*Task objective*: Taking only the lines of the data below from the line with "ARCH Effect Test icon in Excel." to the line with "Small Fused Glass", ends included, write them out exactly and without pictures.

━━━ Input data ━━━

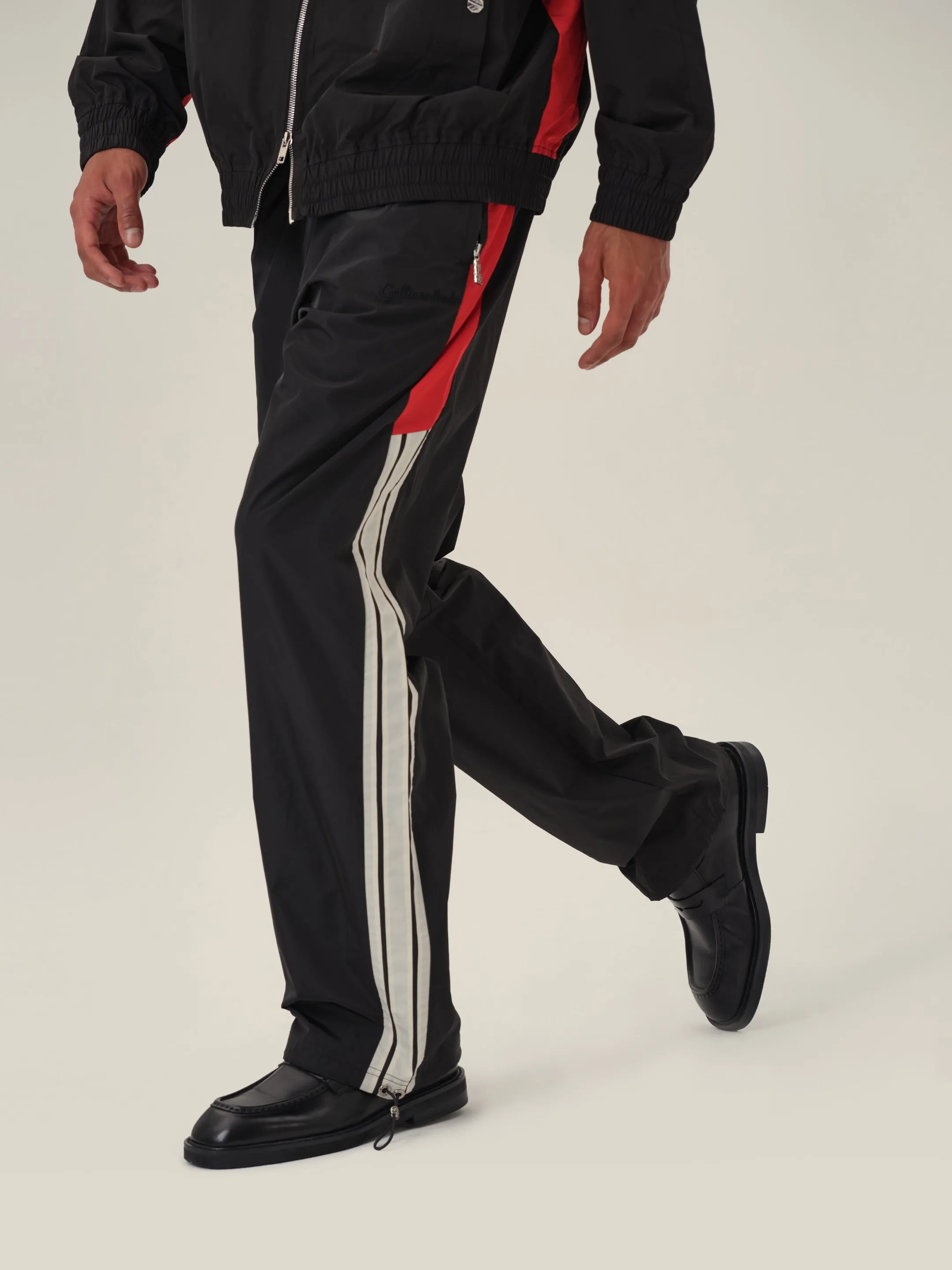 Cream White Black and Red Patchwork School Sweatpants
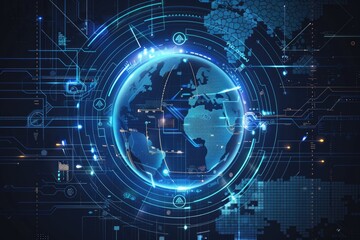 A blue globe with a lot of lines and dots surrounding it by AI generated image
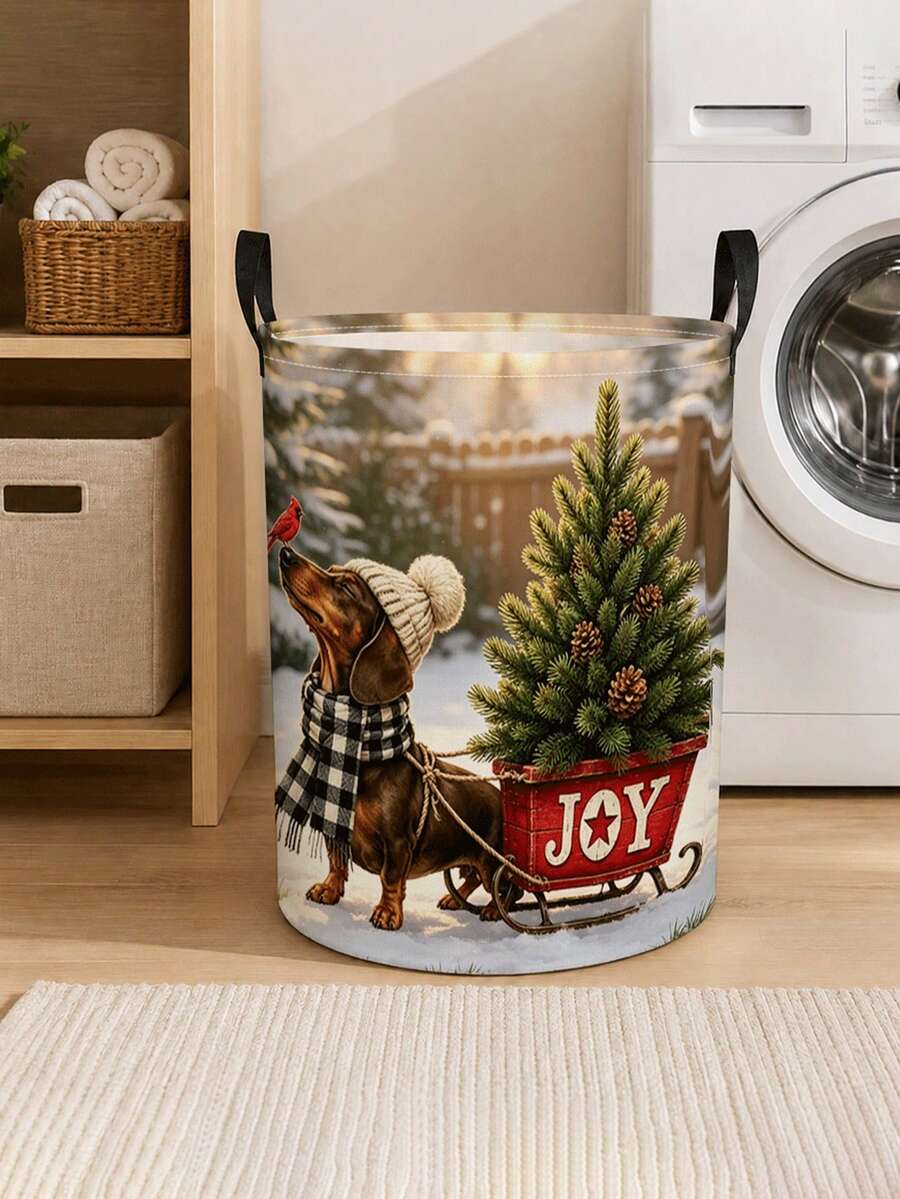 Laundry Basket/Dirty Clothes Basket,Storage Boxes In Bedrooms And Bathrooms, Joyful Dachshund Decor Pattern-Foldable Circular Clothes Basket - Multicolor - View 1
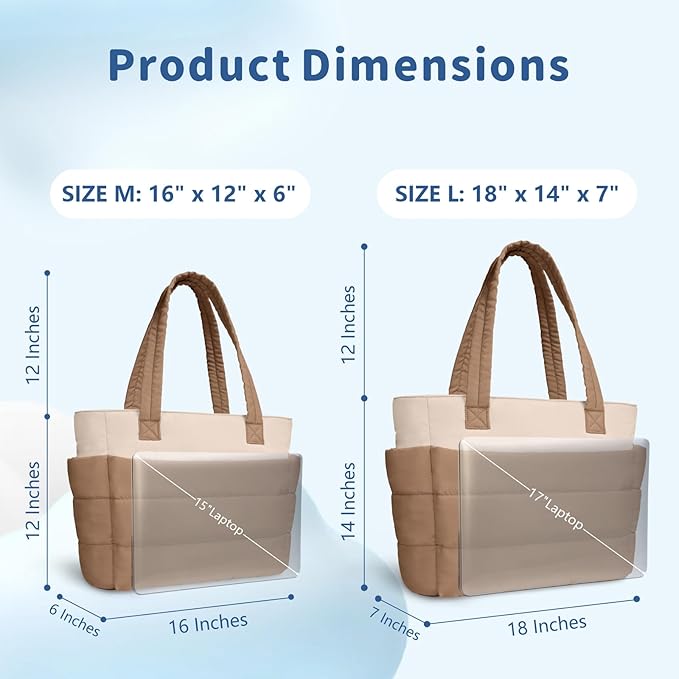 TOPDesign Puffer Tote Bag for Women, Lightweight Puffy Handbag with Compartments, Quilted Shoulder Bag for Work, Travel, Gym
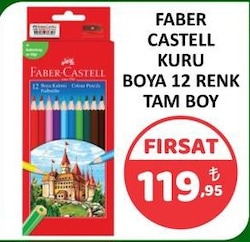 Faber-Castell Karton Kutu Tam Boy 12'li Kuru Boya Seti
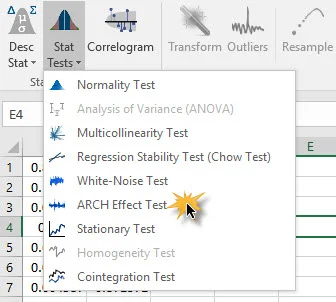 ARCH Effect Test icon in Excel.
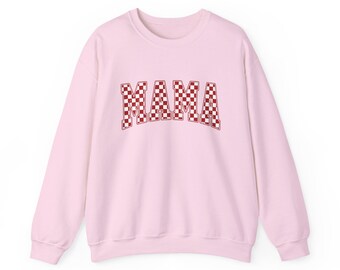 Mama checkerboard sweatshirt | Red check MAMA crewneck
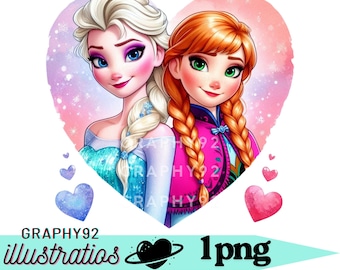 Princess elsa and Princess anna png clipart, frozen princess png, frozen png, elsa love, anna love, instant download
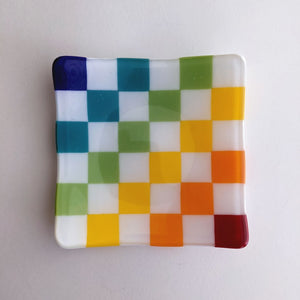 Small Fused Glass Square Plate - Rainbow Checker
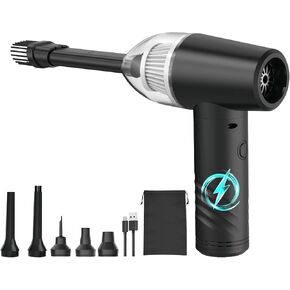 Electric Compressed Air Duster, 3 Gear Adjustable 120000 RPM Air Blower, 6000 mAh Rechargeable Cordless Air Duster for PC, Air Mattress Beds, Swimming Ring, Replace Compressed Air Can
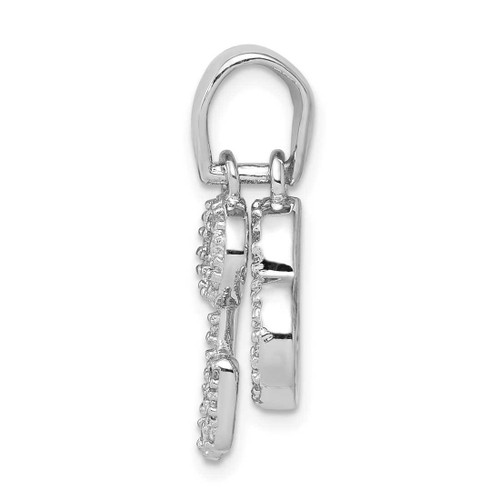 Image of Sterling Silver CZ Heart & Key Fancy Pendant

━━━

*Solution to this task*:
 ARCH Effect Test icon in Excel.
 Mama checkerboard sweatshirt | Red check MAMA crewneck
 Princess elsa and Princess anna png clipart, frozen princess png, frozen png, elsa love, anna love, instant download
 Small Fused Glass Square Plate - Rainbow Checker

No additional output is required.